3. De netto premie wordt ingehouden op het netto salaris tenzij afstand van storting van de netto premies en verzekeringen is gedaan als bedoeld in artikel 21.

4. De netto premie wordt gebruikt ten behoeve van:

a. de verzekering van netto partner- en wezenpensioen op risicobasis;

b. de verzekering van premievrijstelling bij arbeidsongeschiktheid;

c. de opbouw van netto pensioenkapitaal.

5. De netto premie ten behoeve van de verzekering van netto partner- en wezenpensioen op risicobasis en de verzekering van premievrijstelling bij arbeidsongeschiktheid wordt afgedragen aan de verzekeraar. De netto premie ten behoeve van de opbouw van netto pensioenkapitaal wordt op een beleggingsrekening gestort.

6. De kosten ten aanzien van de administratie van de beleggingsrekening komen voor rekening van het pensioenfonds.

7. De netto premie is bij achterafbetaling in maandelijkse termijnen verschuldigd.
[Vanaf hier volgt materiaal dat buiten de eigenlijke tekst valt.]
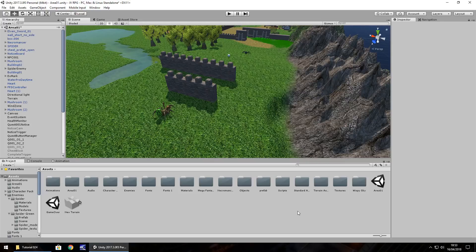Hello there, I'm Jimmy Vegas and this is how to make an RPG in Unity, welcome to episode 24. This time we're going to carry on and have a look at working through our quest that we get from our little NPC that we can just see here.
Artikel 17 Beleggen met netto premie

1. De netto premie ten behoeve van de opbouw van netto pensioenkapitaal wordt zo spoedig mogelijk nadat deze verschuldigd is, doch uiterlijk binnen vijf werkdagen, op de beleggingsrekening gestort. Het pensioenfonds is nimmer rente verschuldigd wegens te late storting.

2. Het netto pensioenkapitaal op enig tijdstip is gelijk aan het saldo op de beleggingsrekening waarop de netto premie worden gestort op datzelfde tijdstip.

3. De (gewezen) deelnemer deelt zijn keuze voor de aan de beleggingsrekening verbonden beleggingsfondsen online bij de door het pensioenfonds aangestelde beheerder van de beleggingsrekeningen of schriftelijk aan het pensioenfonds mee. Een wijziging van de keuze voor het saldo op de beleggingsrekening of toekomstige beleggingen kan ook online of schriftelijk worden doorgegeven.

4. Een wijziging van de keuze voor de aan de beleggingsrekening verbonden beleggingsfondsen wordt zo spoedig mogelijk, doch uiterlijk binnen vijf werkdagen, doorgevoerd. Het pensioenfonds is niet aansprakelijk voor de beleggingsresultaten die op basis van de gewijzigde keuze zouden zijn ontstaan tot het moment waarop de wijziging voor de aan de beleggingsrekening verbonden beleggingsfondsen is doorgevoerd.

(18)

5. Indien en zolang de (gewezen) deelnemer geen keuze voor de aan de beleggingsrekening verbonden beleggingsfondsen heeft gemaakt, verbindt het pensioenfonds de standaard beleggingsstaffel van het pensioenfonds aan de beleggingsrekening.

6. De standaard beleggingsstaffel wordt door het bestuur vastgesteld en periodiek geëvalueerd. De standaard beleggingsstaffel en de uit hoofde van de standaard beleggingsstaffel aan de beleggingsrekening verbonden beleggingsfondsen kunnen naar aanleiding van de periodieke evaluatie door het bestuur worden gewijzigd.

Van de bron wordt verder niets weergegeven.